- [Activity]: The required output is the lines from the one with "日本特殊塗料 貸借対照表 2023年3月期" through the end of the data, repeated verbatim, with no pictures included.

** Extracted data follows **

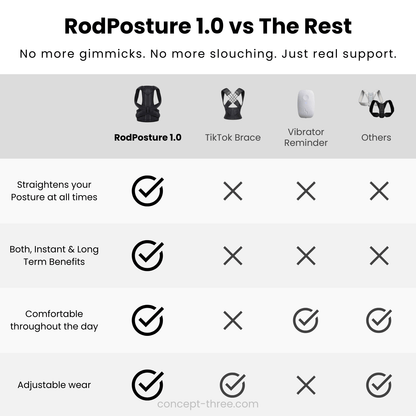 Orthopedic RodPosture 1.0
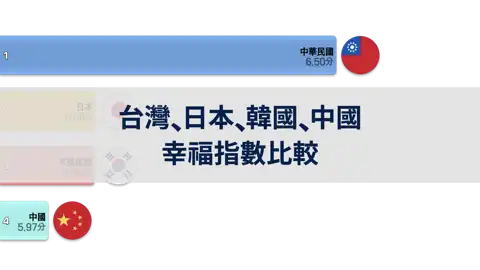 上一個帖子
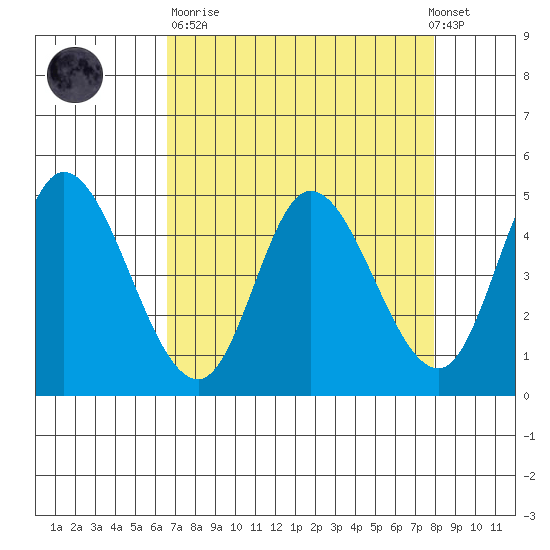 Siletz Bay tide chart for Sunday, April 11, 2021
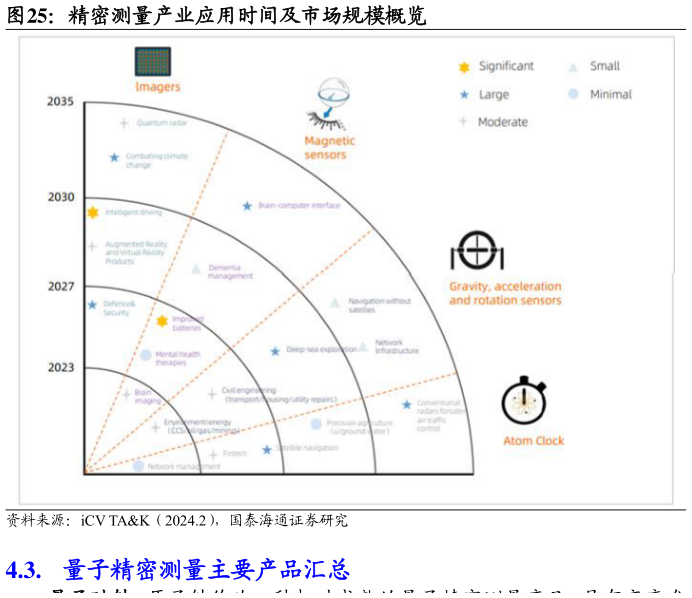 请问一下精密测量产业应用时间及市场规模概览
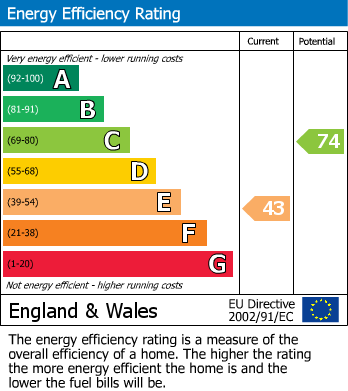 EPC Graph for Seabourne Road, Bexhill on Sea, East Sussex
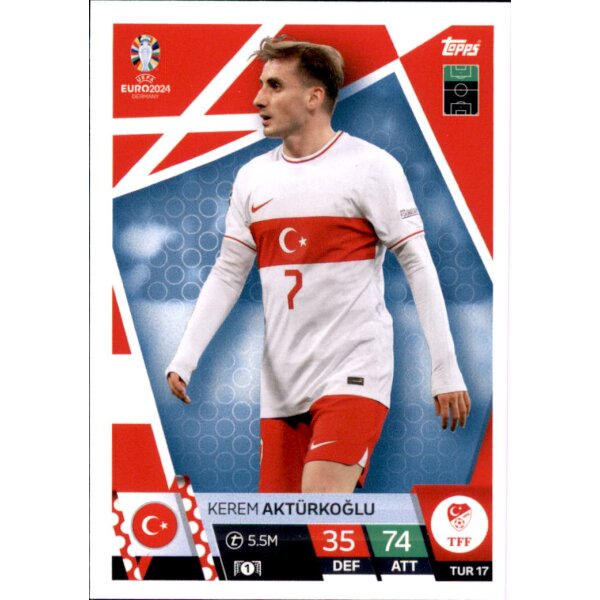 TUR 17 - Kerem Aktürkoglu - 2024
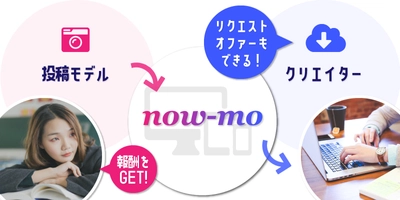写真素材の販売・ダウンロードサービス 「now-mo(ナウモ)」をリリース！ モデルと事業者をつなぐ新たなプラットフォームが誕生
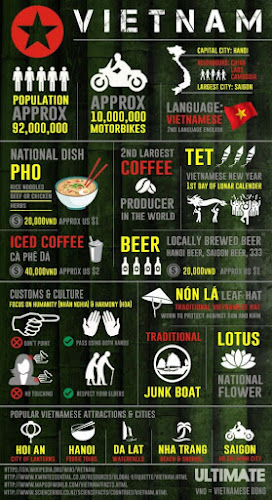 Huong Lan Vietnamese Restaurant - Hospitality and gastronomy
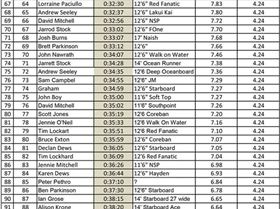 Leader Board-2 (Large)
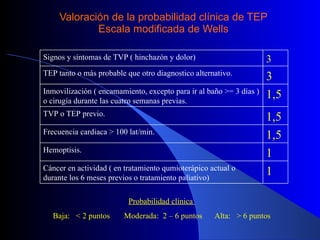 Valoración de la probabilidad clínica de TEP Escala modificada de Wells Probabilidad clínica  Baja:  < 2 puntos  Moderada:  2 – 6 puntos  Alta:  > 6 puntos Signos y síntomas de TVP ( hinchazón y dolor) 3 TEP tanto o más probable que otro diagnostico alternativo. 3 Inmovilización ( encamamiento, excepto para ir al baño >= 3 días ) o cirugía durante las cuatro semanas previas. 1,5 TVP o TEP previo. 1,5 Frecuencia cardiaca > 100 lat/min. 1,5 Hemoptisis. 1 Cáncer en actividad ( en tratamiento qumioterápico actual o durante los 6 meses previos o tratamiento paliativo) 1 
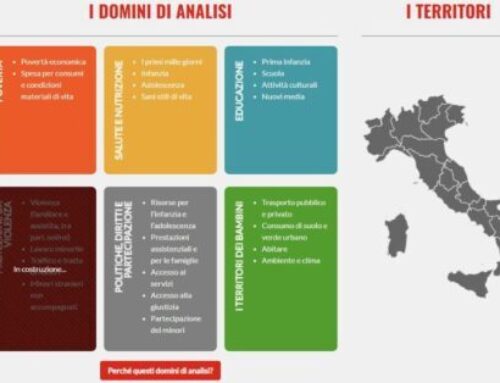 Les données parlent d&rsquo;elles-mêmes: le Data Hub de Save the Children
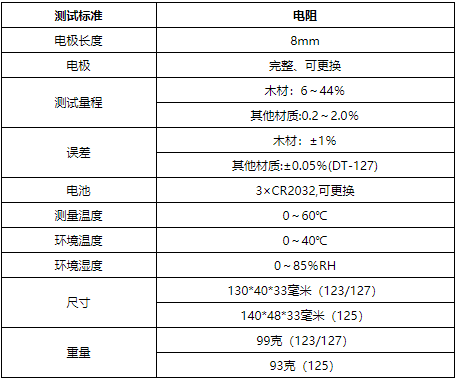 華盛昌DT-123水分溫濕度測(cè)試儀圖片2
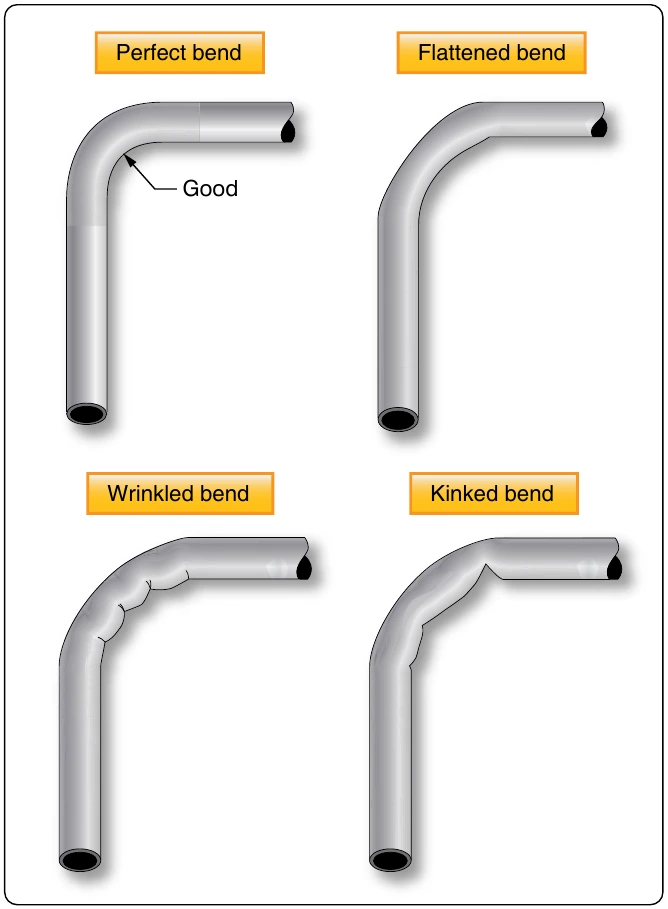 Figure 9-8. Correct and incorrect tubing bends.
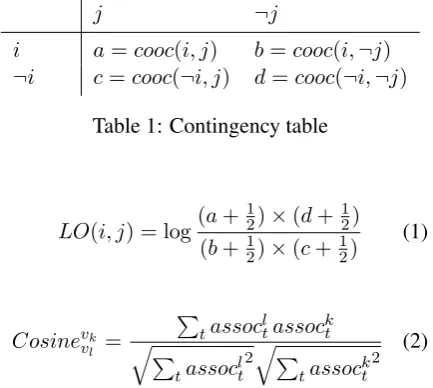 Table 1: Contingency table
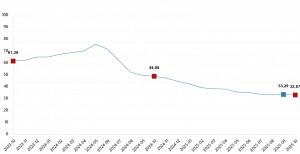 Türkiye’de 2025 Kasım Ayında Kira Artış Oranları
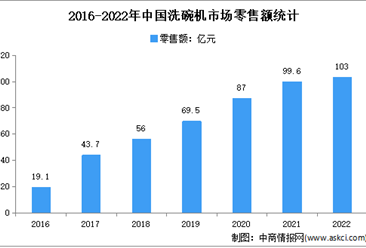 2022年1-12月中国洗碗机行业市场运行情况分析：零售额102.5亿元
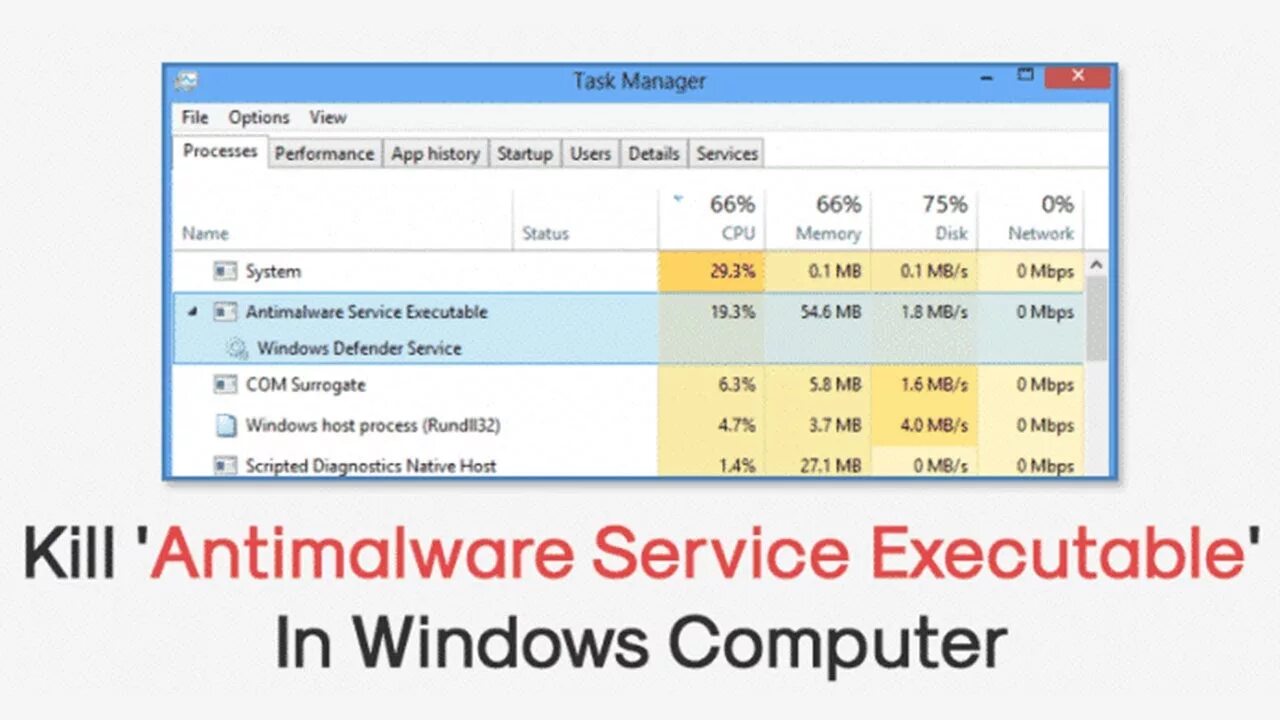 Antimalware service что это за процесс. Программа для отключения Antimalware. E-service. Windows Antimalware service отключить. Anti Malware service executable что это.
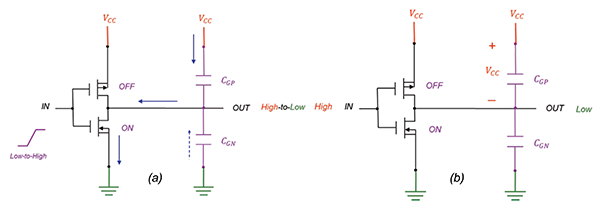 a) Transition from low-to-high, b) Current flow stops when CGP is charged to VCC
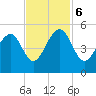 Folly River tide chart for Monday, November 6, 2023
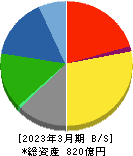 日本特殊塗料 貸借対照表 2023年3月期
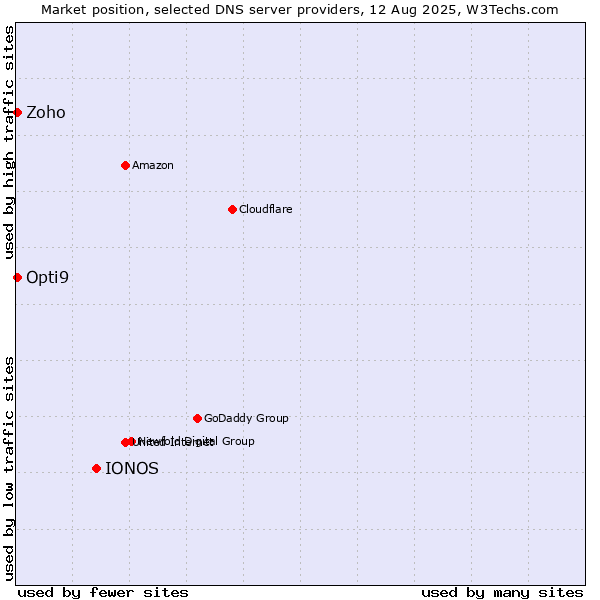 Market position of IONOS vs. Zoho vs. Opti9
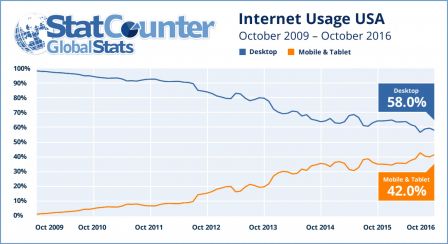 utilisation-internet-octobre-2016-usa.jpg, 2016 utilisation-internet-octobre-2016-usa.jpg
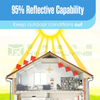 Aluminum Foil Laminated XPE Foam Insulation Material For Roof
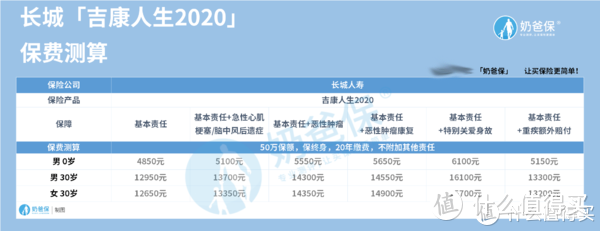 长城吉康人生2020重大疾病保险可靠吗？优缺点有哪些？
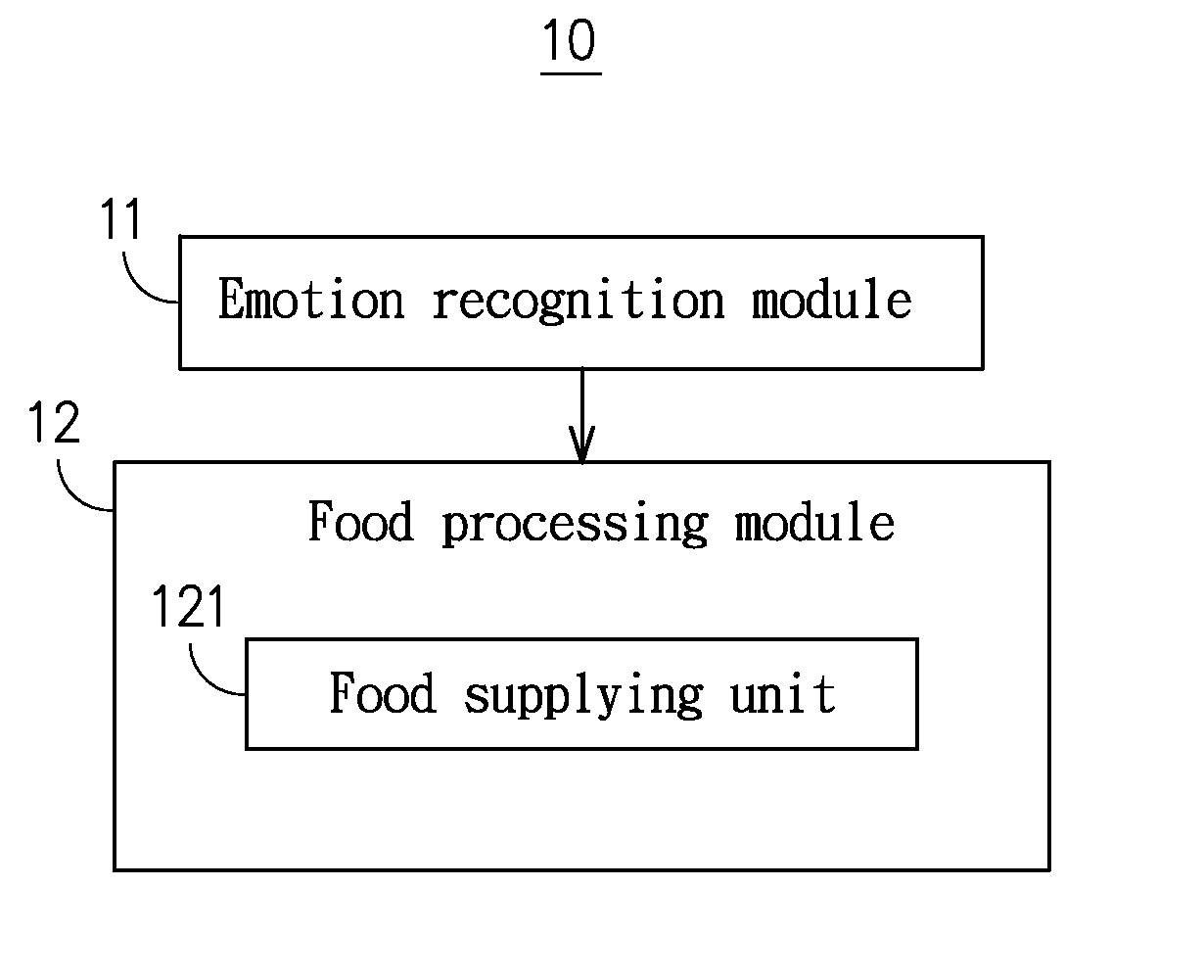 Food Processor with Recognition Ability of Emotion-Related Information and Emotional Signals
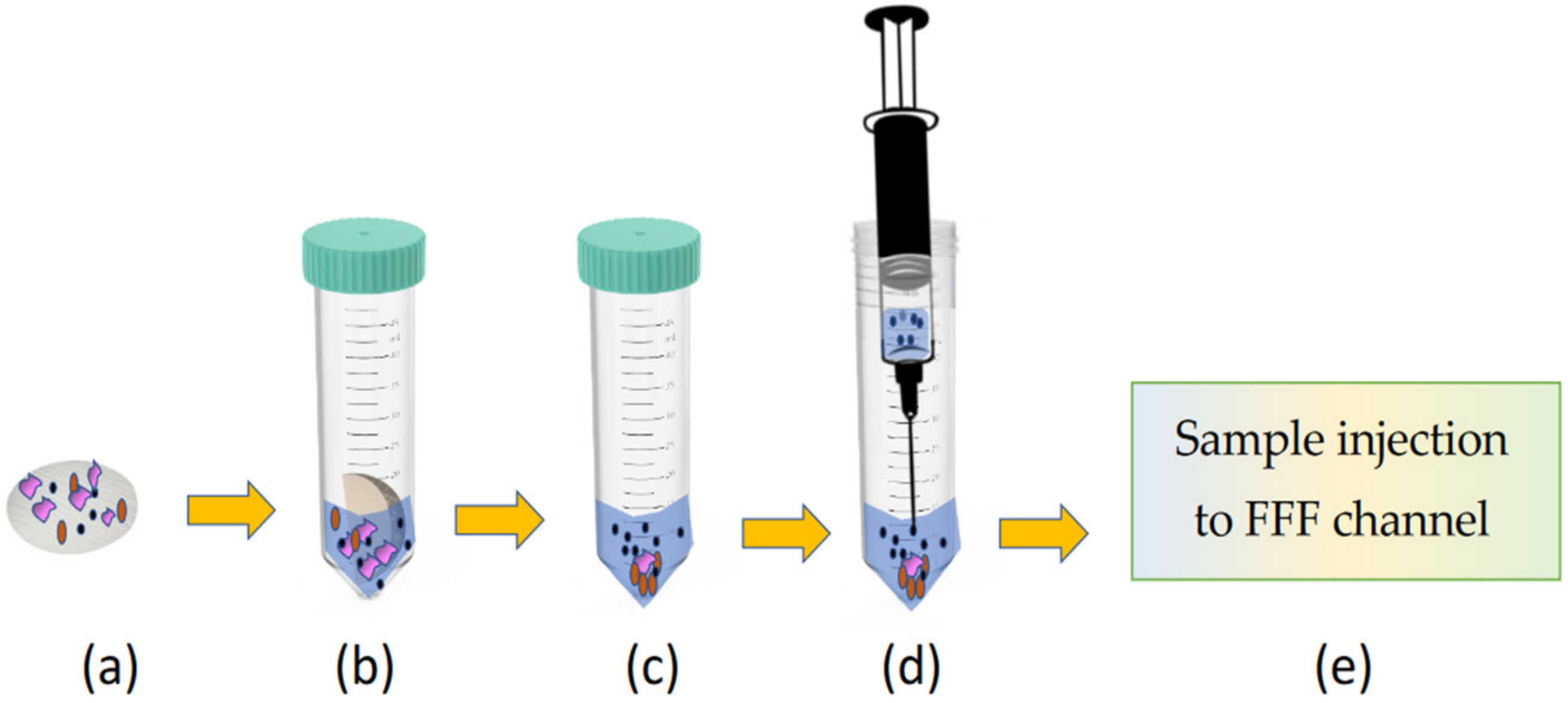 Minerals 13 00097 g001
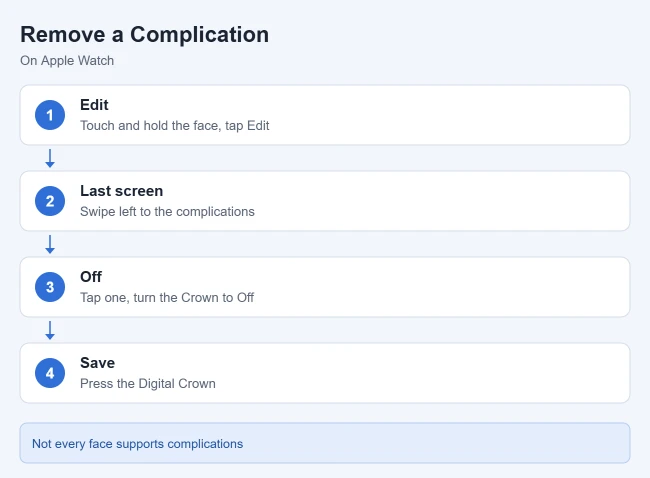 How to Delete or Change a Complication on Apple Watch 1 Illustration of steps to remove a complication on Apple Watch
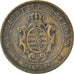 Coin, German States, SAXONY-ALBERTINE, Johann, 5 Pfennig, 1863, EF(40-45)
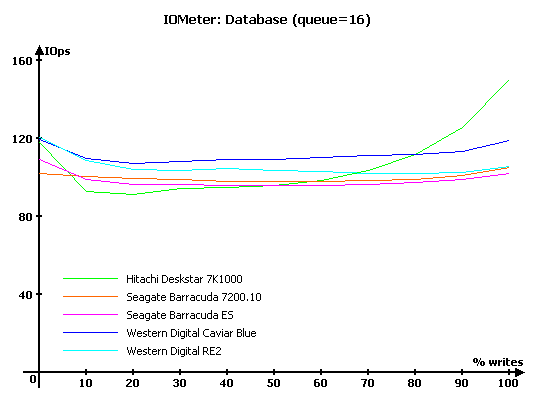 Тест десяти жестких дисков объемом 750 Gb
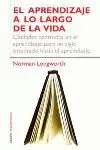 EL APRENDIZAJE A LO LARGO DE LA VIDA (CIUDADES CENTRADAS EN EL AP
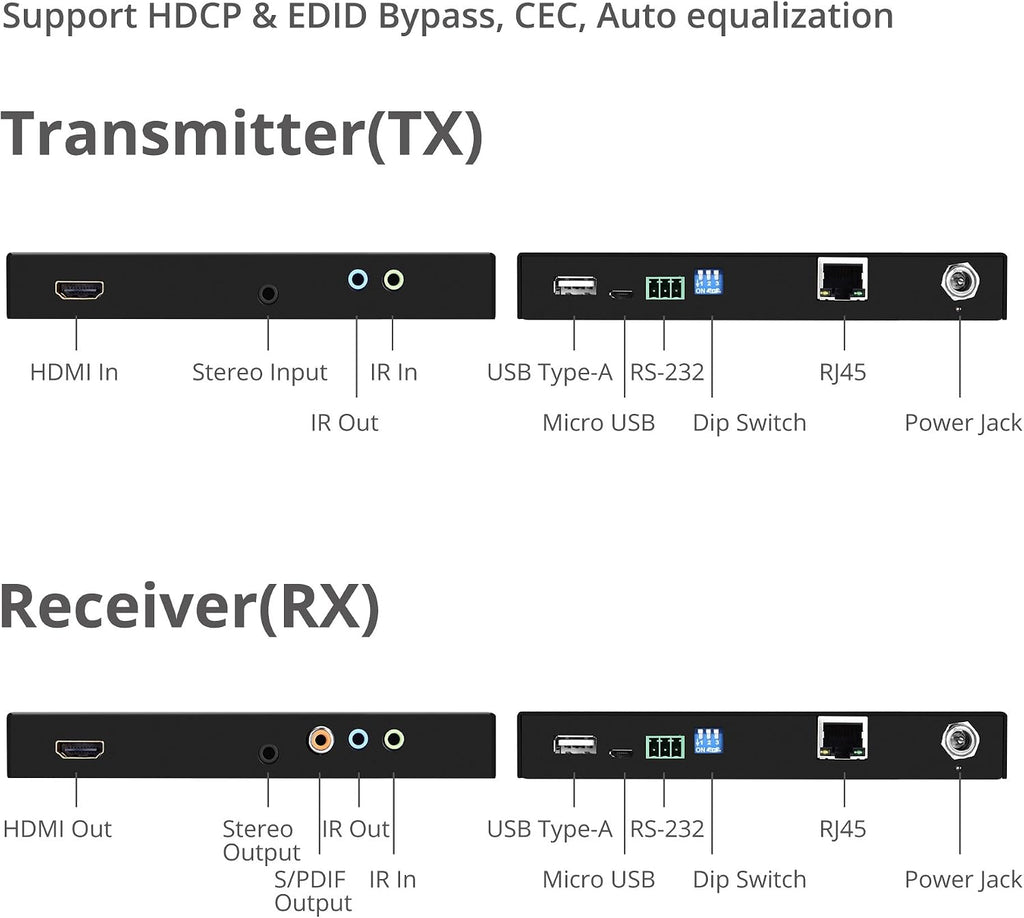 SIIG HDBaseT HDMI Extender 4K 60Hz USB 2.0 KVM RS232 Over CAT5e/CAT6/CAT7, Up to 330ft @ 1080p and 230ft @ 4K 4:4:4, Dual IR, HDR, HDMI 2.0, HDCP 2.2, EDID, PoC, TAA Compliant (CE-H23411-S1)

** End of Extracted data **

- [Answer space]:
 日本特殊塗料 貸借対照表 2023年3月期
 Market position of IONOS vs. Zoho vs. Opti9
 utilisation-internet-octobre-2016-usa.jpg, 2016 utilisation-internet-octobre-2016-usa.jpg
 Aluminum Foil Laminated XPE Foam Insulation Material For Roof
 长城吉康人生2020重大疾病保险可靠吗？优缺点有哪些？
 Food Processor with Recognition Ability of Emotion-Related Information and Emotional Signals
 Minerals 13 00097 g001
 How to Delete or Change a Complication on Apple Watch 1 Illustration of steps to remove a complication on Apple Watch
 Coin, German States, SAXONY-ALBERTINE, Johann, 5 Pfennig, 1863, EF(40-45)
 Тест десяти жестких дисков объемом 750 Gb
 EL APRENDIZAJE A LO LARGO DE LA VIDA (CIUDADES CENTRADAS EN EL AP
 SIIG HDBaseT HDMI Extender 4K 60Hz USB 2.0 KVM RS232 Over CAT5e/CAT6/CAT7, Up to 330ft @ 1080p and 230ft @ 4K 4:4:4, Dual IR, HDR, HDMI 2.0, HDCP 2.2, EDID, PoC, TAA Compliant (CE-H23411-S1)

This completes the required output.